Top of Supplied records
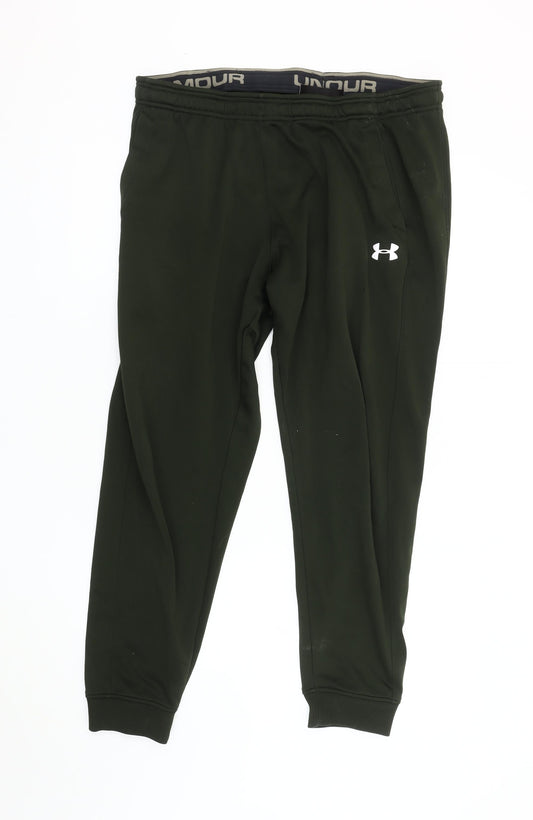 Under Armour Men's Green Jogger Trousers XL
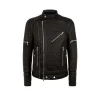 Brando Black Biker Leather Jacket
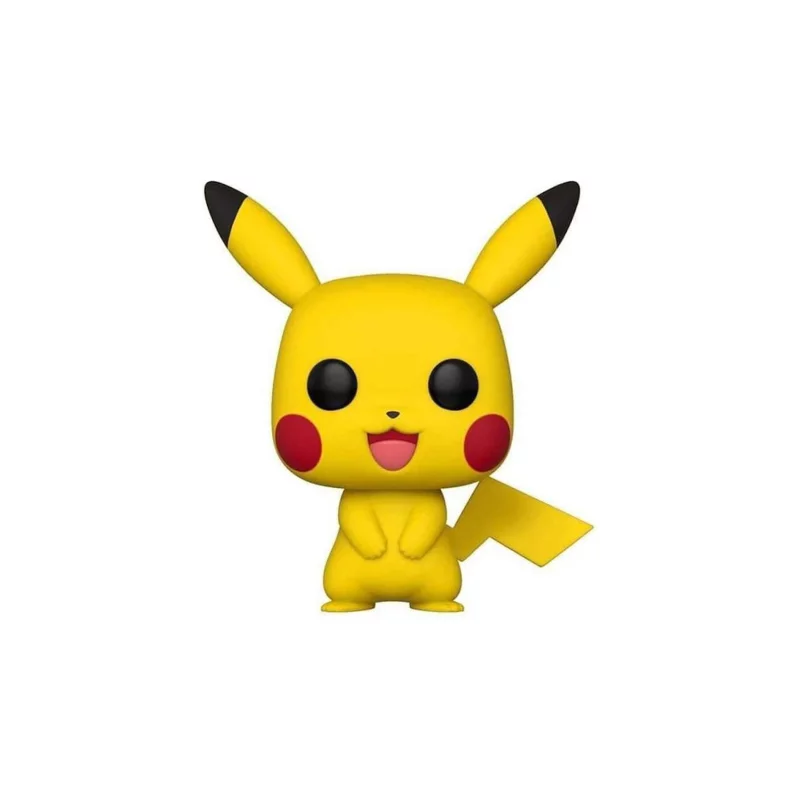Image : Funko Pop! Games : Pokemon S1 - Pikachu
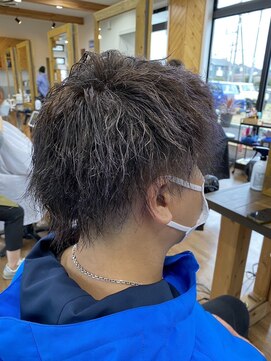 ルッカヘアガーデン バイ ラッシュゴールド(RUCCA HAIR GARDEN by LUSH GOLD) メンズカット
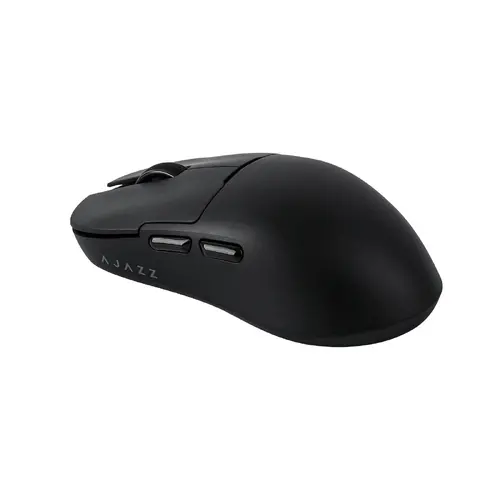 Ajazz mouse profesional de gaming AJ159P MC - Mouse wireless de gaming - 1K, bază de încărcare magnetică, negru - 6
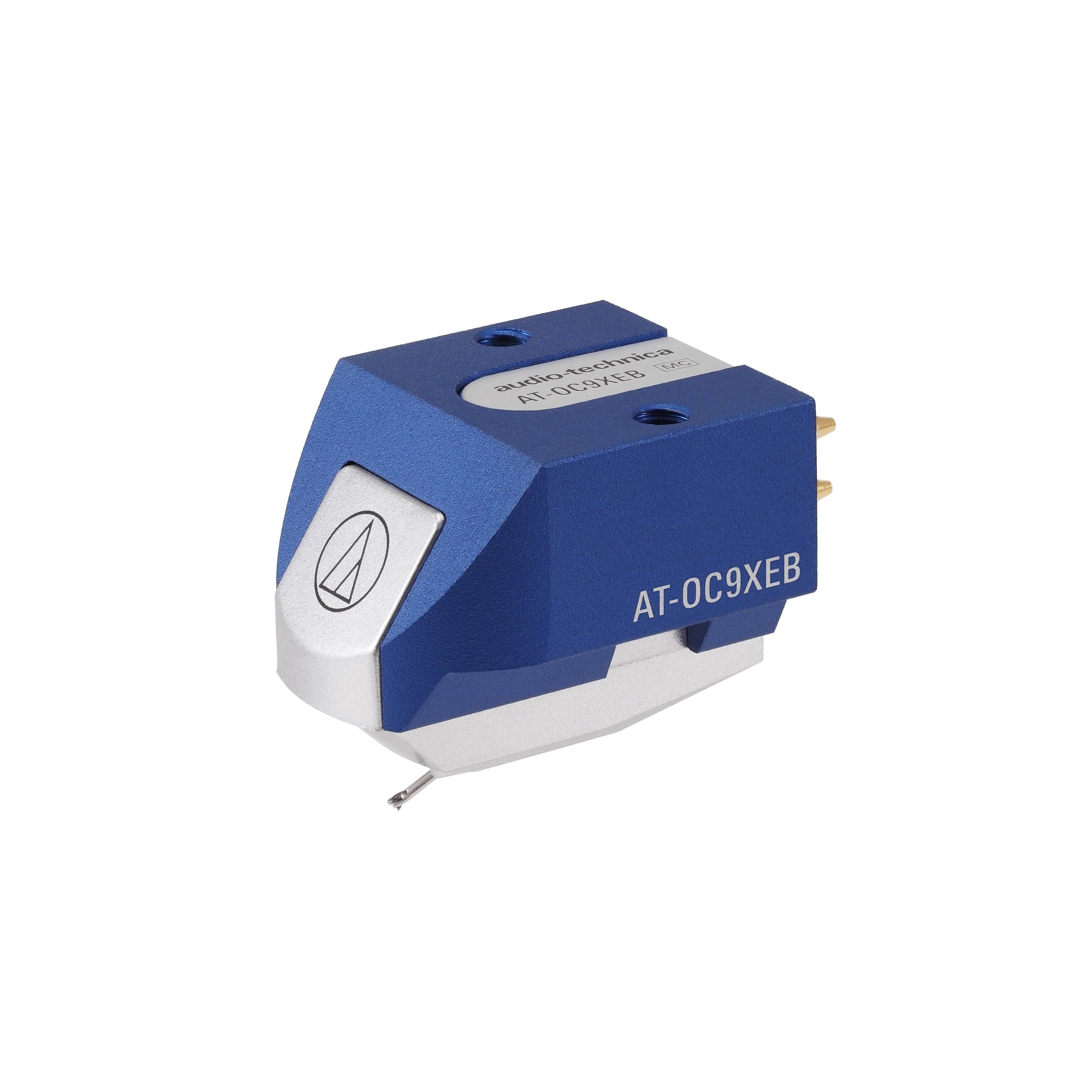 Audio Technica AT OC9XEB High-Performance Dual Moving Coil Phono Cartridge - Perfect for Audiophile Turntables & Vinyl Record Playback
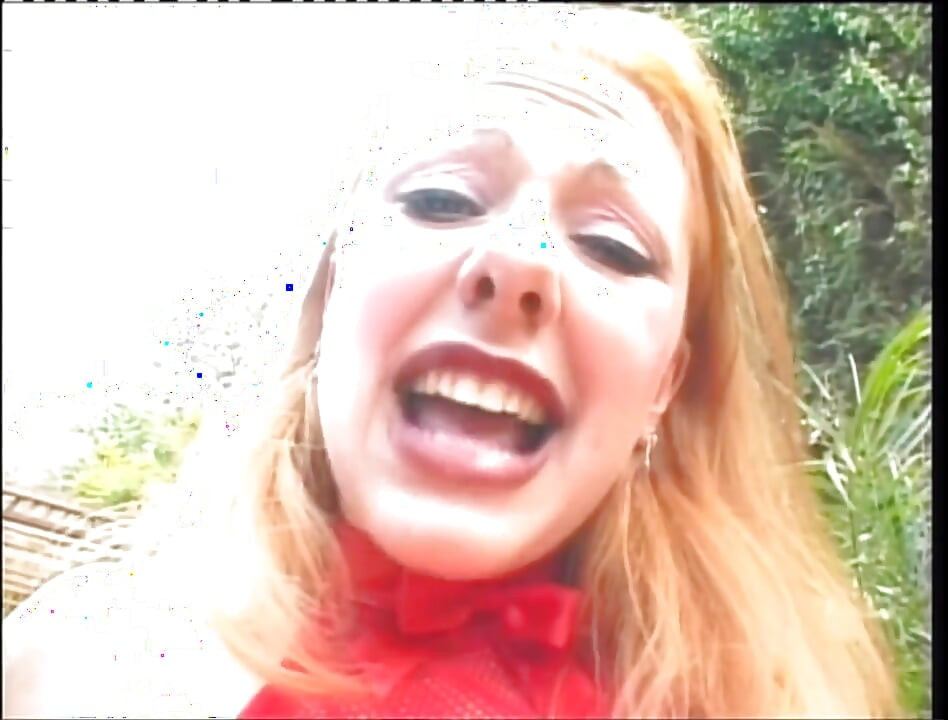 Vintage Redhead MILF Porn Fucked by Three Monster Black Cocks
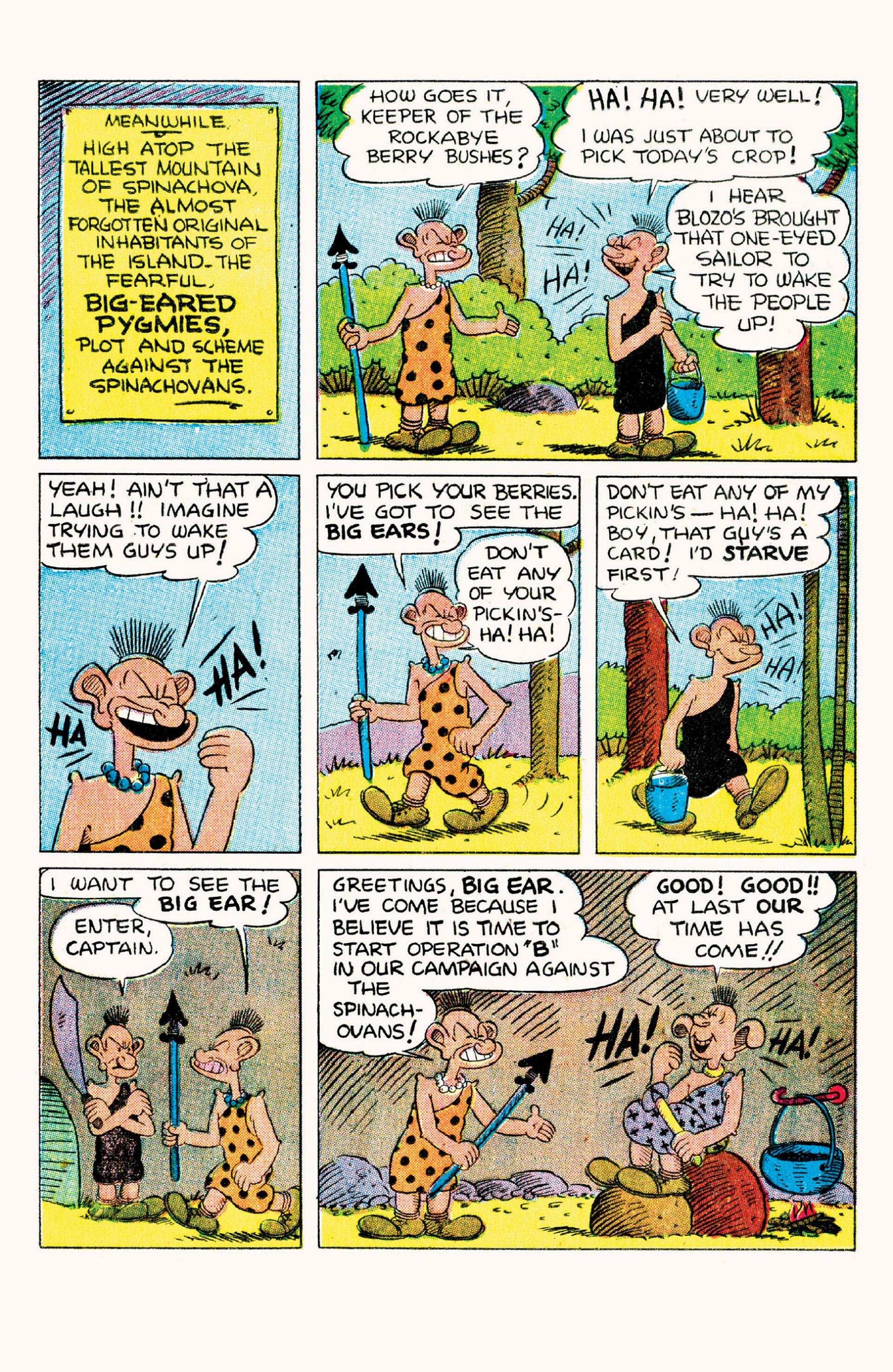 Read online Classic Popeye comic -  Issue #10 - 9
Bottom of Supplied records
→ Aim of the task: The required output consists only of the lines from the one containing "Audio Technica AT" to the last line of the material, reproduced exactly, pictures excluded.

→ Answer area:
 Audio Technica AT OC9XEB High-Performance Dual Moving Coil Phono Cartridge - Perfect for Audiophile Turntables & Vinyl Record Playback
 Vintage Redhead MILF Porn Fucked by Three Monster Black Cocks
 Read online Classic Popeye comic -  Issue #10 - 9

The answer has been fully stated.